Internals

Characteristics

  • Object Oriented
  • Platform independent
  • General purpose
  • Compiled + interpreted

JRE

Environment required to run Java applications.

Even if you're not developing and just want to run a Java application, you'd still need JRE.

JRE = JVM + Library Classes

JVM

Java Virtual Machine

JVM (Code Translation#Interpreter) is responsible to convert program from bytecode to machine code and execute the program within JRE. It is the JVM which varies from system-to-system, while the bytecode remains independent, keeping Java platform independent.

There can also be different implementations of JVM for different purposes - all providing different optimizations.

Class Loader

  • Not a type of memory
  • Subsystem of #JVM
  • Used to load class files
  • Responsible for three activities
    • Loading
    • Linking
    • Initialization

Garbage Collector

#JVM component responsible for Memory Management#Garbage Collection of objects.

Java offers different garbage collectors for different latency, throughput and hardware requirements. But most of these garbage collectors are "Generational", in that they rely on the generational hypothesis and use it to separate objects by age and optimize garbage collection.

Generational Garbage Collection

Garbage collection is performed on objects on basis of their age in the program.

Heap Memory Division

Generational garbage collector divides the heap memory into different generations based on the lifespan of objects.

Heap is divided into:

  • Young Generation (Eden Space)
  • Old Generation
  • Survivor space
    • S0
    • S1
Garbage collection life cycle
  • Objects are stored in Eden space, when they are created at first.

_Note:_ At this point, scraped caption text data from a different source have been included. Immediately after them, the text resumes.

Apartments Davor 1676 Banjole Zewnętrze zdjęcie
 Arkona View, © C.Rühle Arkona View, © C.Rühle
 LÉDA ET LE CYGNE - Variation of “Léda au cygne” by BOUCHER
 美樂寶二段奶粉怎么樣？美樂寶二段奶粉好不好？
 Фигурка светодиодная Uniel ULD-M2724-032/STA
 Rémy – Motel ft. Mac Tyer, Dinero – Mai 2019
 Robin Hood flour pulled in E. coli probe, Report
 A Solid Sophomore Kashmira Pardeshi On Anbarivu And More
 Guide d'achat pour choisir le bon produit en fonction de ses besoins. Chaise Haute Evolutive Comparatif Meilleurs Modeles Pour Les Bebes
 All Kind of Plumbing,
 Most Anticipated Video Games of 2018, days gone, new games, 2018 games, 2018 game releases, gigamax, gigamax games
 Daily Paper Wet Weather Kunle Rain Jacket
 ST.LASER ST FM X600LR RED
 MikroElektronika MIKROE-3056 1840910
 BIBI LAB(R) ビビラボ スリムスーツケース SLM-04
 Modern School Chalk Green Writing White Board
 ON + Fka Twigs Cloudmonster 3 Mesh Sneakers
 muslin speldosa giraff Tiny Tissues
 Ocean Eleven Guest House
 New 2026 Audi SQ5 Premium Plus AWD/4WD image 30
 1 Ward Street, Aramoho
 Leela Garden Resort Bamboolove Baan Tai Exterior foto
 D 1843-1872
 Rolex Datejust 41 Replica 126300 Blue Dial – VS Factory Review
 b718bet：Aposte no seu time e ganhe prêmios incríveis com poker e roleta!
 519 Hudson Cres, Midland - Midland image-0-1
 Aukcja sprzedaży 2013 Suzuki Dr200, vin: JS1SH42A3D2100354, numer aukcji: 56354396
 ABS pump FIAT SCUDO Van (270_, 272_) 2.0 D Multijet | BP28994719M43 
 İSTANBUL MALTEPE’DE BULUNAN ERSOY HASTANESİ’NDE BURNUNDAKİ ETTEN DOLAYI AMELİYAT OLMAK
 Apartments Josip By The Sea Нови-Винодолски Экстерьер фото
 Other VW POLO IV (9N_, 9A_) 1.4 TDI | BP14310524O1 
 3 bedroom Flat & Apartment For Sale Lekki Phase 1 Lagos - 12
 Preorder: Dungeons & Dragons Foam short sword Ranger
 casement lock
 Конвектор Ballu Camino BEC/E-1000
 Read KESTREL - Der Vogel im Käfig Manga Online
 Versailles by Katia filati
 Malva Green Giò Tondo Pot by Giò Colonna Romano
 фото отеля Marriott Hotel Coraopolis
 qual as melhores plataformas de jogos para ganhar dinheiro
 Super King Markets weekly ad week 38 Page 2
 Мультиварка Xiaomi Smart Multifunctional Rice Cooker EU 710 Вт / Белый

  • 1st cycle - When Eden Space gets full - Minor GC runs

    • Objects moved to survivor space 1
  • Subsequent cycles - Eden space gets full again

    • Objects moved to survivor space 2 from both Eden space and survivor 1
  • Objects keep moving between both survivor spaces in cycles

  • Objects older than Max tenure threshold (a certain threshold for number of cycles) are moved to old generation space. Max tenure threshold can be configured.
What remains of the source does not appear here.